In Latvia, the Cobb angle decreased for neuromuscular cases by a mean of 49.7 ± 21.1%, from a mean Cobb angle of 78.7 ± 20 degrees before the operation to 39.2 ± 19.4. A comparable study by Nordon et al. found at a mean age of 15.9 years and a mean percentage correction of 42.8% from a mean Cobb angle of 78.8 to 44.6 degrees. They also reported that patients stayed a mean average of 10 days at the hospital [28], which is slightly less than patients in Latvia with 11.8 ± 2.6 days. Although a direct comparison between these results is difficult, they may suggest that an operation at a younger age could lead to higher Cobb angle correction percentages and less hospitalization time for patients with neuromuscular scoliosis.

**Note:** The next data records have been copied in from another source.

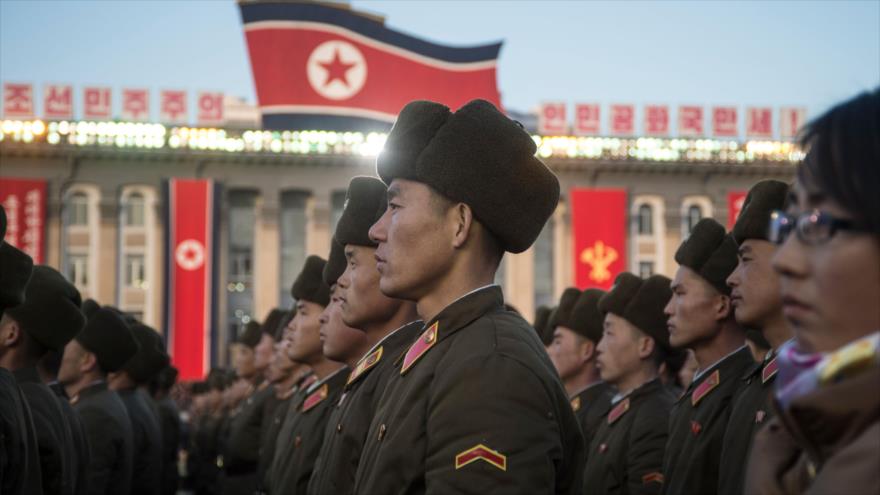 Soldados norcoreanos asistieron a una manifestación masiva en la capitalina plaza de Kim Il-sung en Pyongyang, 1 de diciembre de 2017. 
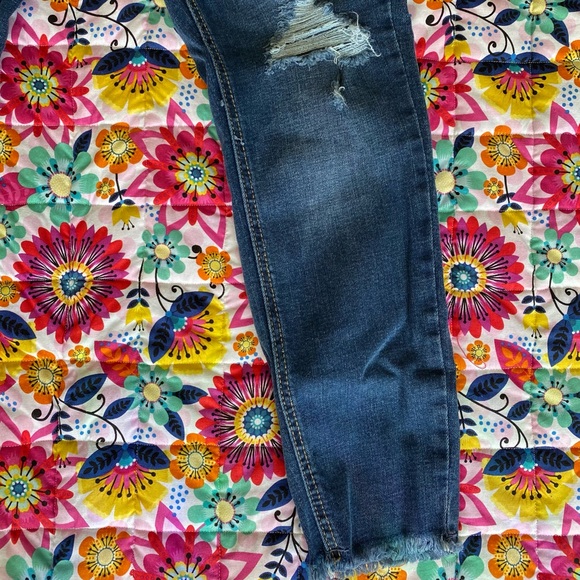 Old Navy Rockstar Super Skinny High Rise Jeans - Picture 3 of 5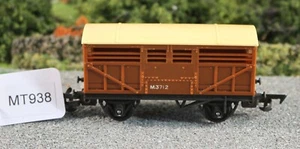 Triang OO 1:76 R.122 Early BR Brown Cattle Wagon Good Plus FNQHobbys MT938 - Picture 1 of 7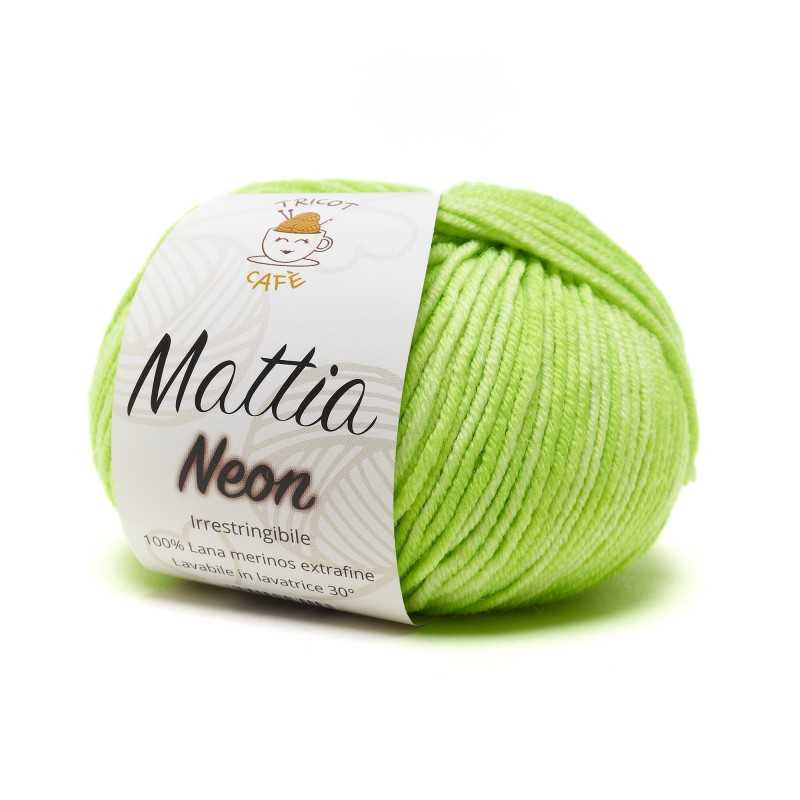 Gomitolo di lana merinos extrafine verde neon Mattia Neon del marchio Tricot Café Gomitolo di lana merinos extrafine verde neon Mattia Neon del marchio Tricot Café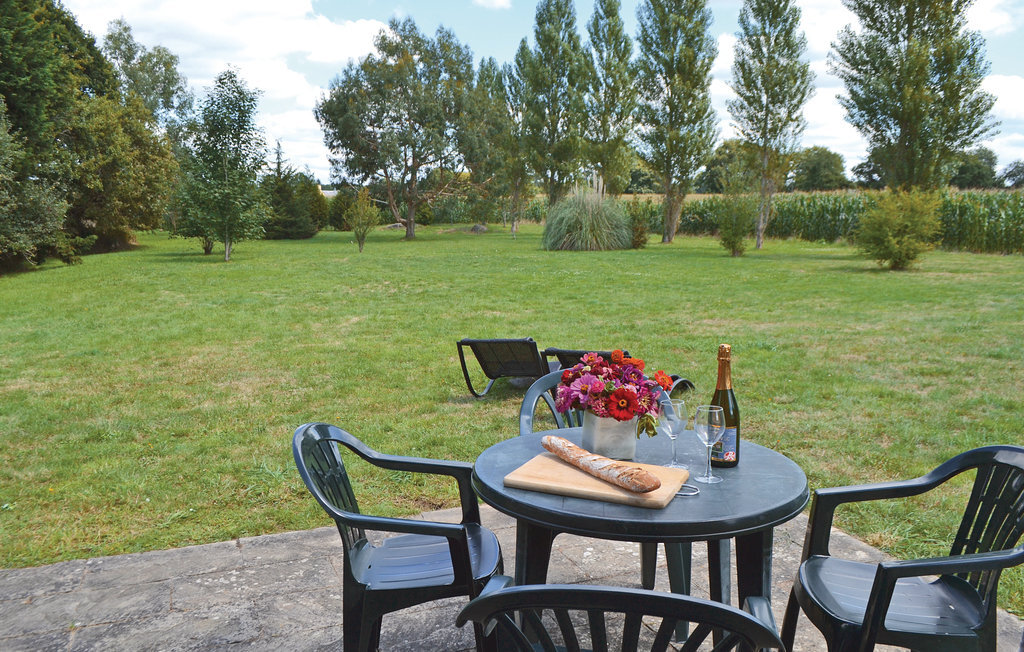 Maison en pierre à Tregunc, jardin 2000 m² et terrasse - Photo 3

4.3. Total Operation Time and Length of the Hospital Stay

In 2012, pediatric scoliosis correction surgery had been established in Latvia. The continuous decrease in operation length may be explained by the gained experience from each consecutive operation. This learning curve has been reported in other studies, which showed that the number of previously operated surgeries had a greater effect on the operation length than, for example, the amount of vertebral levels fused [29]. Although there are many variables that influence the length of the surgery, such as the Cobb angle or the curve type, the experience operating surgeon has been shown to be most predictive [25]. Our results suggest that gained experience has led to decreasing durations of the surgical procedures. The postoperative hospital stay has been shown to be shortened accordingly. This phenomenon has been reported for spinal fusion surgeries as well as for other types of surgery [29,30,31,32]. Using our regression model, each additional hour of the operation increased the postoperative hospital stay by one day and the presence of PC by 1.6 days. Total operation time and hospital stay decreased significantly over the investigated period, while the incidence of early postoperative complications stayed constant. Although there are many factors influencing the length of hospital stay, the total operation time displays the strongest correlation with the length of the postoperative stay. This correlation predicts together with the presence of PC 48.8% of the variance of the postoperative stay in our model.

5. Conclusions

The present paper characterizes the patient population receiving primary scoliosis correction surgery in Latvia in the years from 2012–2016. It enables, for the first time, detailed analysis and comparison with other countries. Our regression model offers significant predictors and underlines, along with other studies, the influence of the operation time on the hospital stay. Overall, this study provides comprehensive insights into pediatric scoliosis surgery in Latvia, which has previously been undocumented and therefore not comparable with other cohorts. For this purpose, an explorative retrospective study design delivers valuable data. Nevertheless, conclusions drawn from a retrospective study are subjected to confounding and collinearity. They should be considered carefully and viewed within the context of current literature.